WORK ITEM:
Pictures excluded, please transcribe exactly the lines from the one with "Camara IP 5MP" through the end of the records below, and nothing more.
[INPUT DATA Boundary: Start]
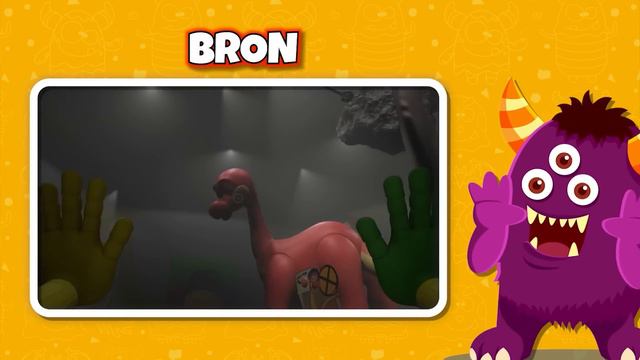 Guess The Monster By Voice & Emoji | Poppy Playtime Chapter 3 | Dogday, Catnap, Huggy Wuggy смотреть онлайн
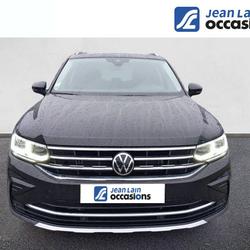 Volkswagen Tiguan Tiguan 2.0 TDI 150ch DSG7 Elegance Volx
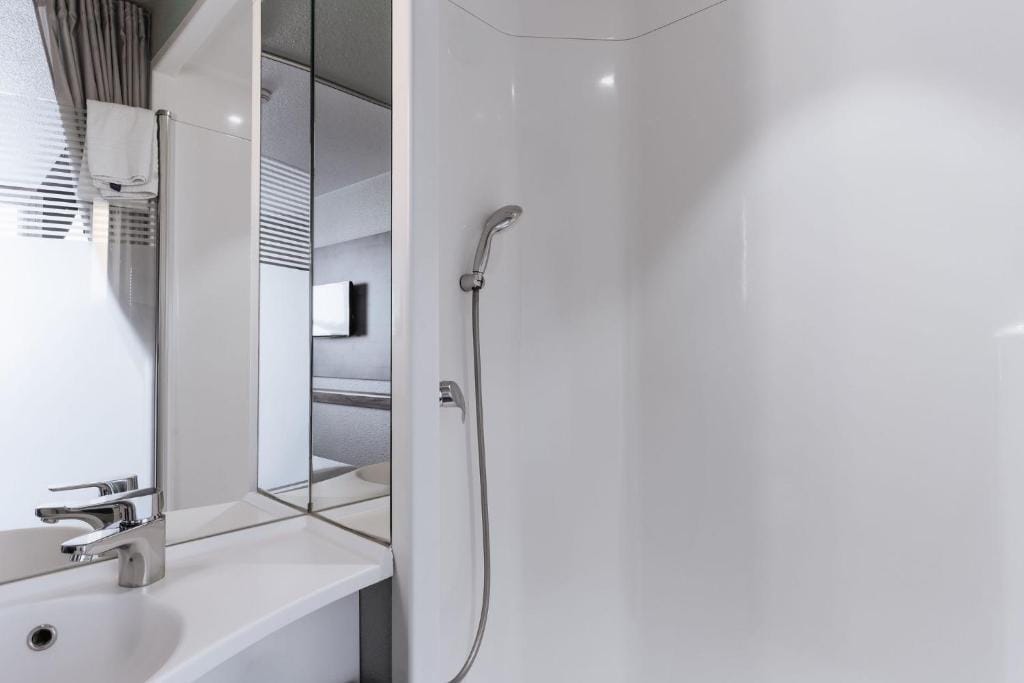 Ibis Budget Le Havre Les Docks — 2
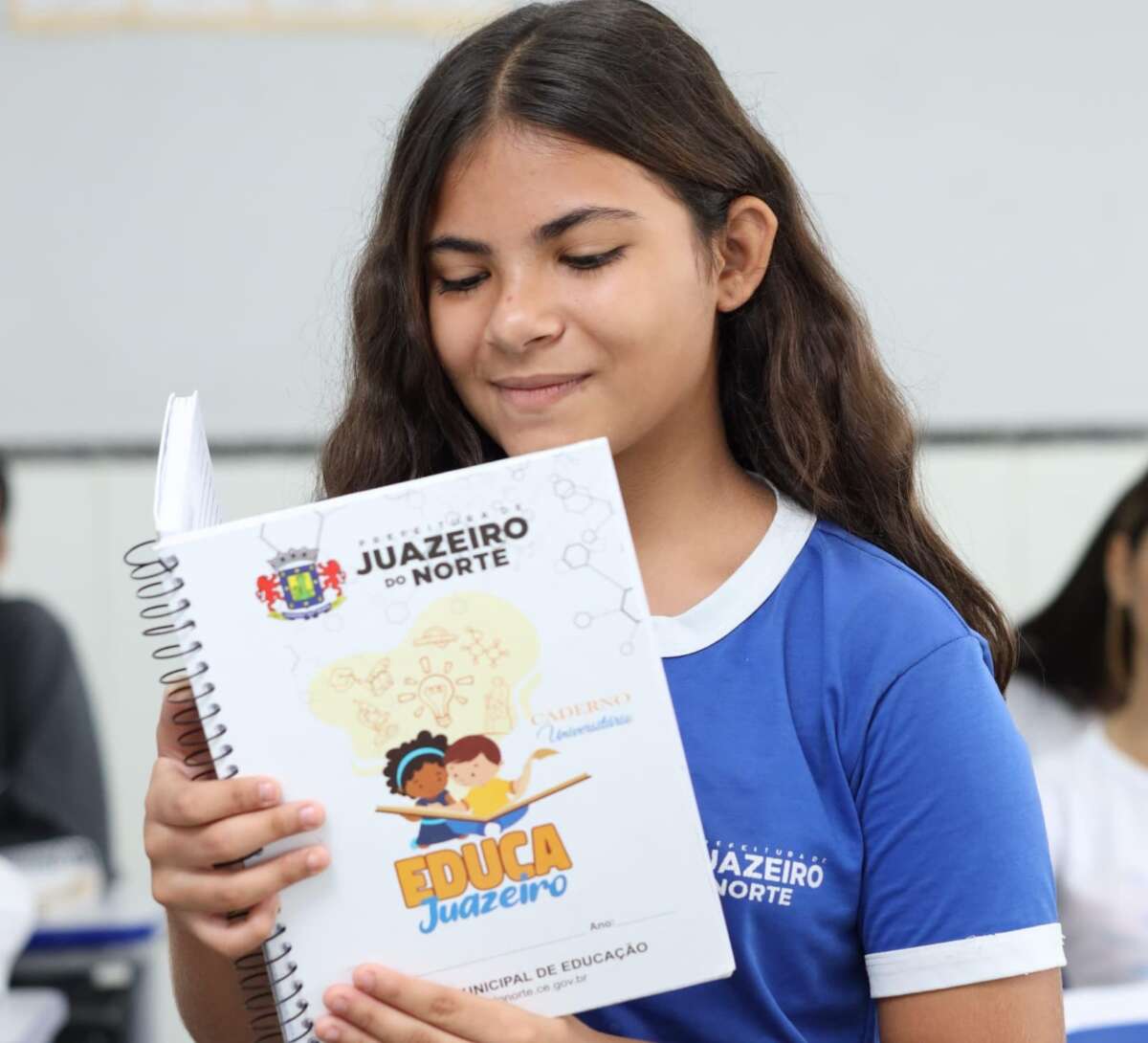Juazeiro conquista destaque nacional no IDEB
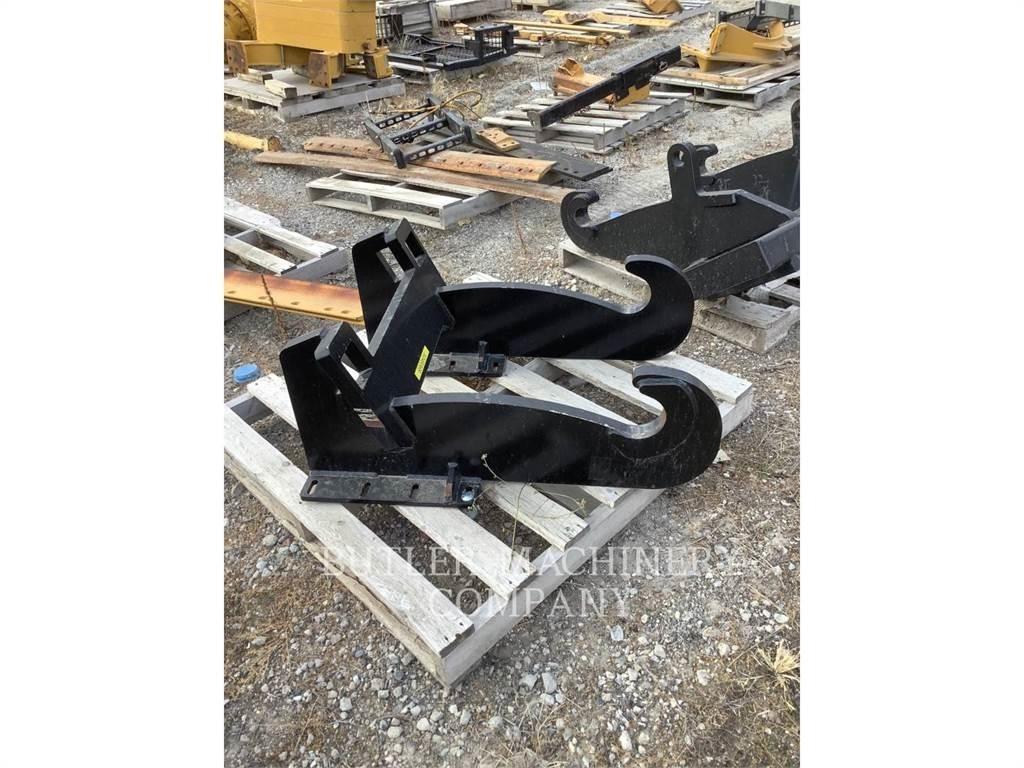 AMI HOOKS Quick Connectors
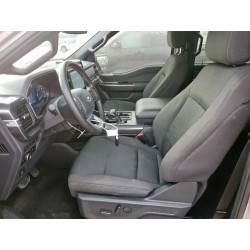 2023 FORD F-150 1FTEW1CPXPFD32828 92907205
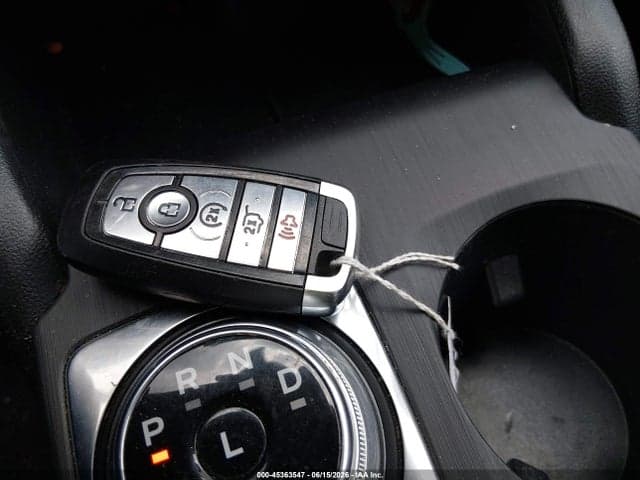 2020 FORD ESCAPE SEL 11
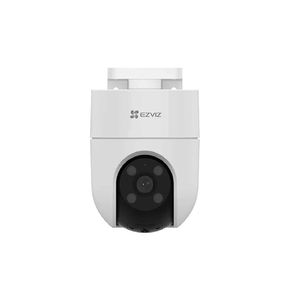 Camara IP 5MP Ezviz H8C 4Mm PT 360 Exterior 3K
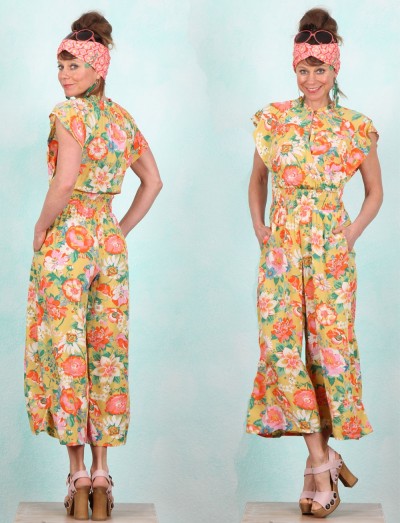 Blutsgeschwister Sunset Soirée 15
[INPUT DATA Boundary: End]
YOUR SOLUTION:
 Camara IP 5MP Ezviz H8C 4Mm PT 360 Exterior 3K
 Blutsgeschwister Sunset Soirée 15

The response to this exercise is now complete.